- **Material for this task**
══════════════════════════════

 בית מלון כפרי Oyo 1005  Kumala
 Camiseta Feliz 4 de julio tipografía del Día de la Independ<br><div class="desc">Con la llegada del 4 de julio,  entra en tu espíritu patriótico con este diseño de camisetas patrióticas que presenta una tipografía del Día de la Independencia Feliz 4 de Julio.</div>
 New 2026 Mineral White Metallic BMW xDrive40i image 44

══════════════════════════════

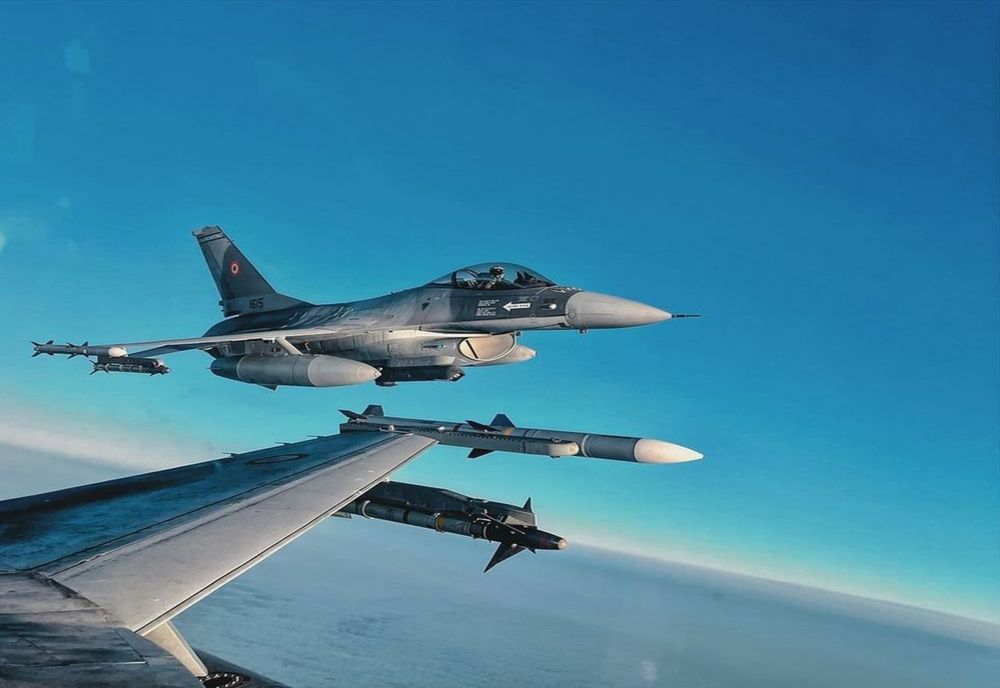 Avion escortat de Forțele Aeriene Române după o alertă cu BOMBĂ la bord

══════════════════════════════

- **Goal of the exercise**
When you reach the line holding "בית מלון כפרי" in the records above, begin reproducing exactly, stop after the line holding "New 2026 Mineral", and output nothing else.

- **Output**
 בית מלון כפרי Oyo 1005  Kumala
 Camiseta Feliz 4 de julio tipografía del Día de la Independ<br><div class="desc">Con la llegada del 4 de julio,  entra en tu espíritu patriótico con este diseño de camisetas patrióticas que presenta una tipografía del Día de la Independencia Feliz 4 de Julio.</div>
 New 2026 Mineral White Metallic BMW xDrive40i image 44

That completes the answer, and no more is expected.